:: TASK GOAL ::
Retype each entry exactly as written, and keep the pictures out of the copy.

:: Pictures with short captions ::

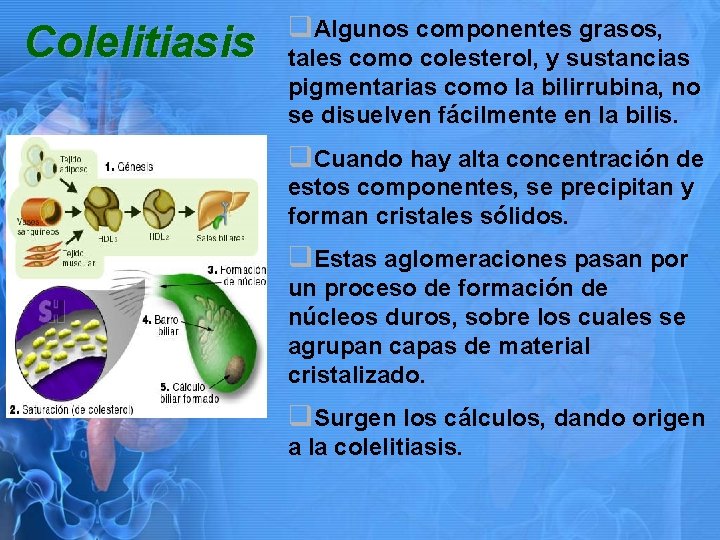 Colelitiasis q. Algunos componentes grasos, tales como colesterol, y sustancias pigmentarias como la bilirrubina,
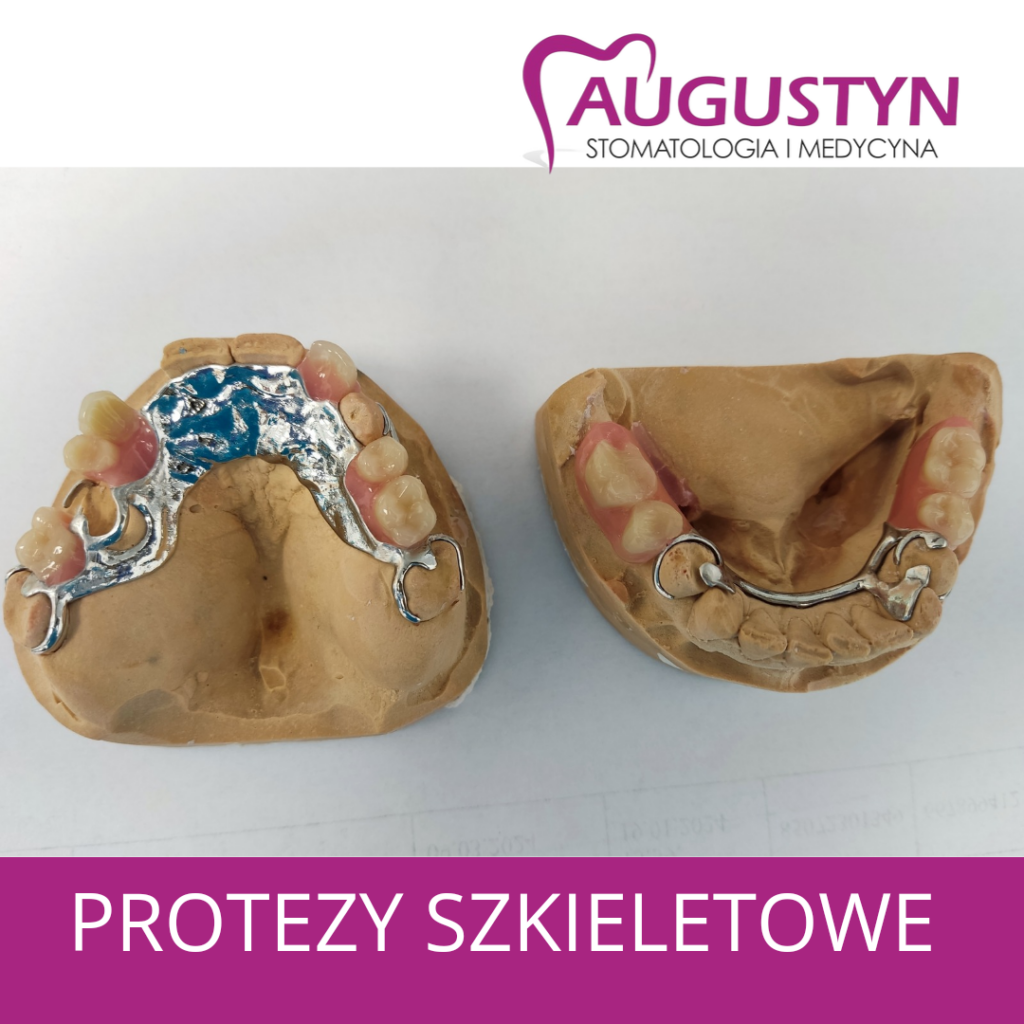 PROTEZY SZKIELETOWE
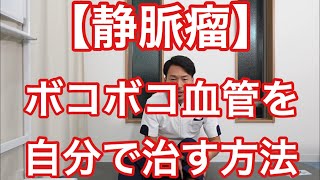 【静脈瘤を自分で治す】ふくらはぎのボコボコ血管を自分で治す方法をお伝えします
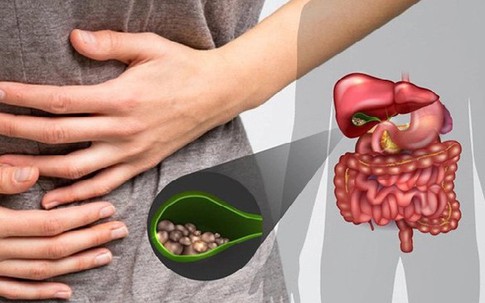 Đau bụng, sụt cân nhanh, người đàn ông phải cắt túi mật thừa nhận 1 sai lầm nhiều người Việt mắc phải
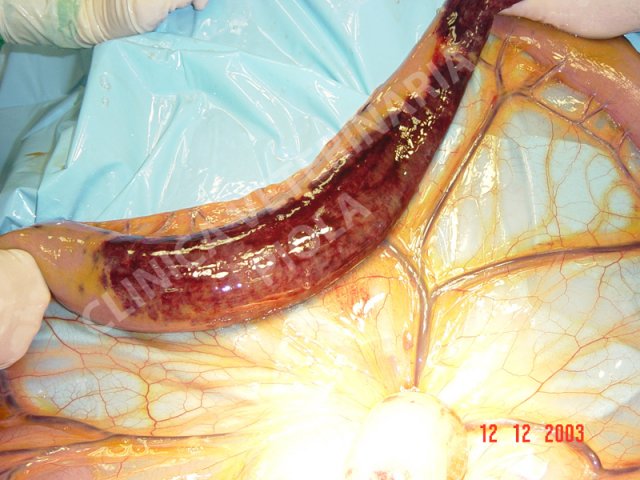Infarto 2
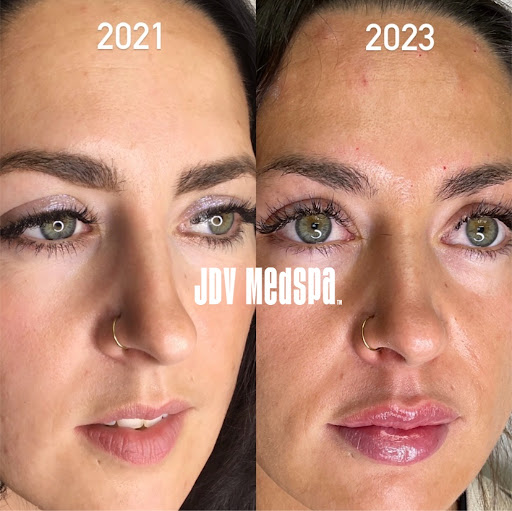 Explore skydive tattoo ideas, creative tattoo ideas in Canton, available at JDV Med Spa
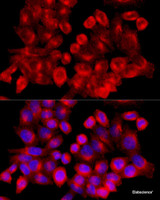 Immunofluorescence analysis of HeLa cells using CLTC Polyclonal Antibody at dilution of 1:100 (40x lens) . Blue: DAPI for nuclear staining.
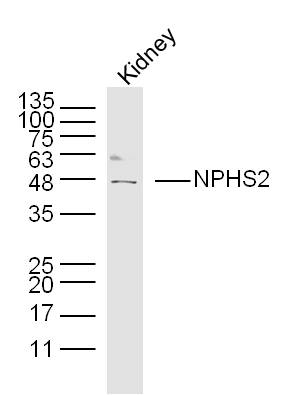 Mouse kidney lysates probed with Podocin Polyclonal Antibody, unconjugated (bs-6597R) at 1:300 overnight at 4°C followed by a conjugated secondary antibody at 1:10000 for 90 minutes at 37°C.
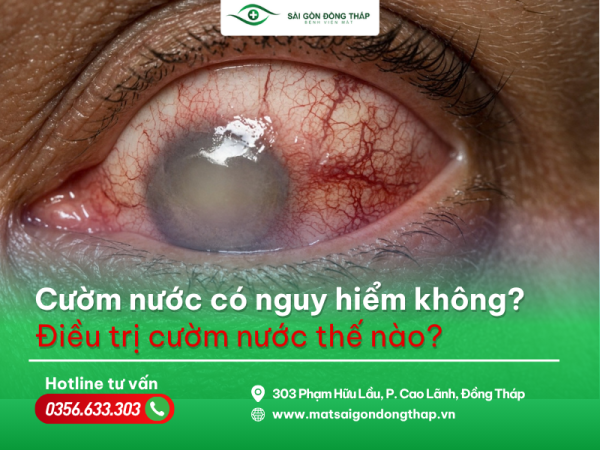 cườm nước có nguy hiểm không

:: WRITTEN RESPONSE ::
 Colelitiasis q. Algunos componentes grasos, tales como colesterol, y sustancias pigmentarias como la bilirrubina,
 PROTEZY SZKIELETOWE
 【静脈瘤を自分で治す】ふくらはぎのボコボコ血管を自分で治す方法をお伝えします
 Đau bụng, sụt cân nhanh, người đàn ông phải cắt túi mật thừa nhận 1 sai lầm nhiều người Việt mắc phải
Infarto 2
 Explore skydive tattoo ideas, creative tattoo ideas in Canton, available at JDV Med Spa
 Immunofluorescence analysis of HeLa cells using CLTC Polyclonal Antibody at dilution of 1:100 (40x lens) . Blue: DAPI for nuclear staining.
 Mouse kidney lysates probed with Podocin Polyclonal Antibody, unconjugated (bs-6597R) at 1:300 overnight at 4°C followed by a conjugated secondary antibody at 1:10000 for 90 minutes at 37°C.
 cườm nước có nguy hiểm không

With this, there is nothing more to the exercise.